Exercise description — Verbatim copy without pictures. Please print every entry as it stands.
### Material to process
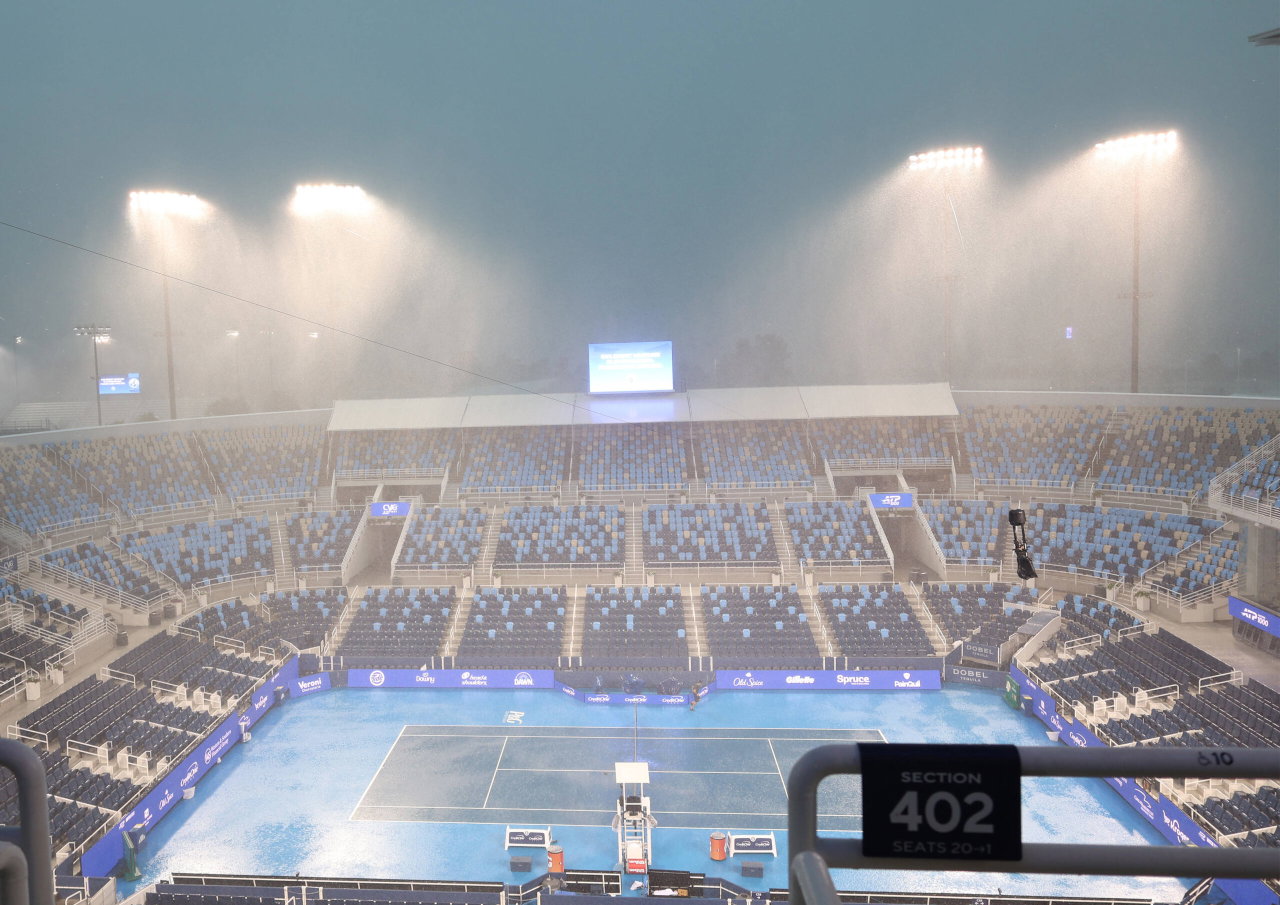August 11, 2026, Mason, Ohio, USA: Stormy and rainy weather interrupted qualifying matches before tennis tournament WTA, Tennis Damen and ATP, Tennis Herren 1000 Cincinnati Open in Mason, USA. Tennis: Cincinnati Open – Stormy Weather During Qualification PUBLICATIONxINxGERxSUIxAUTxONLY – ZUMAc278 20260811_zsp_c278_002 Copyright: xMarcinxCholewinskix ©IMAGO/ZUMA Press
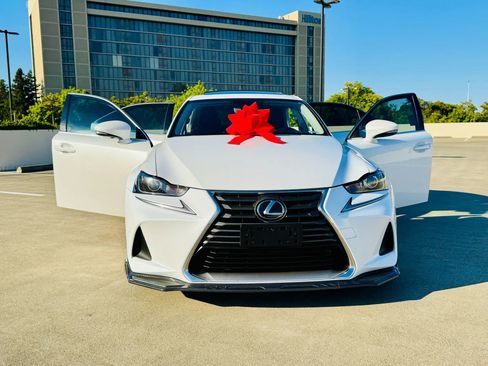 Used 2020 Lexus IS 300 w/ Premium Package image 66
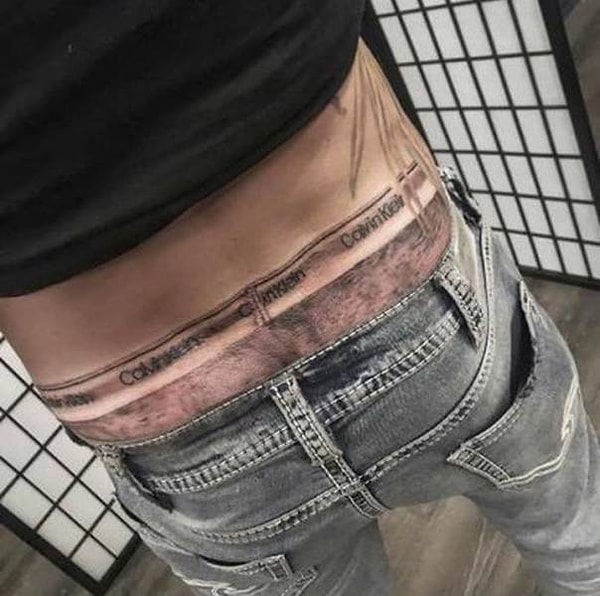 15. С утра проснулся - и уже в трусиках от Кельвина. Красиво жить не запретишь.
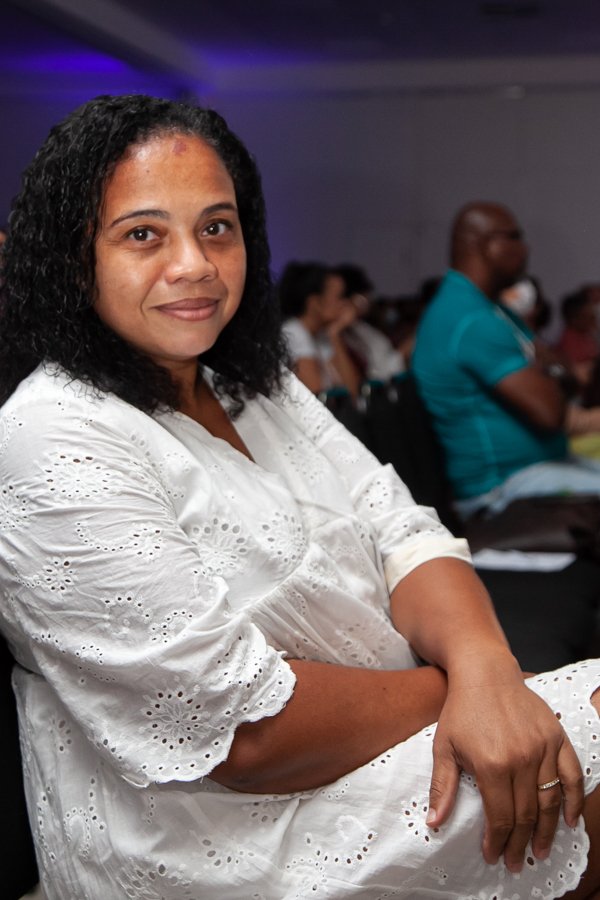 A empres&aacute;ria Cris Santos acompanhou a megapalestra na Bahia Expo & Neg&oacute;cios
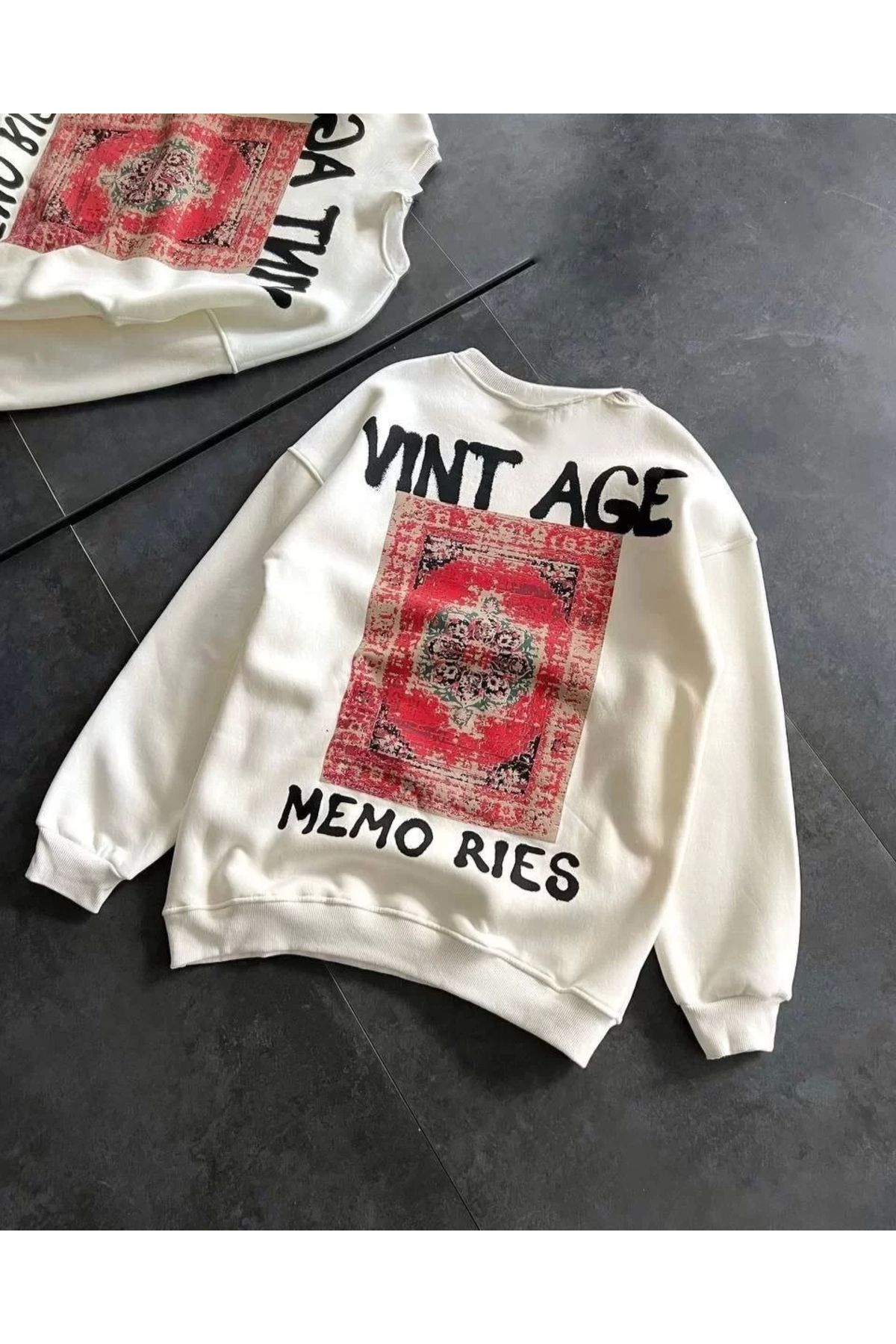 CVS Bisiklet Yaka Üç İplik Baskılı Oversize SweatShirt - Beyaz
######
Task response —
August 11, 2026, Mason, Ohio, USA: Stormy and rainy weather interrupted qualifying matches before tennis tournament WTA, Tennis Damen and ATP, Tennis Herren 1000 Cincinnati Open in Mason, USA. Tennis: Cincinnati Open – Stormy Weather During Qualification PUBLICATIONxINxGERxSUIxAUTxONLY – ZUMAc278 20260811_zsp_c278_002 Copyright: xMarcinxCholewinskix ©IMAGO/ZUMA Press
 Used 2020 Lexus IS 300 w/ Premium Package image 66
 15. С утра проснулся - и уже в трусиках от Кельвина. Красиво жить не запретишь.
 A empres&aacute;ria Cris Santos acompanhou a megapalestra na Bahia Expo & Neg&oacute;cios
 CVS Bisiklet Yaka Üç İplik Baskılı Oversize SweatShirt - Beyaz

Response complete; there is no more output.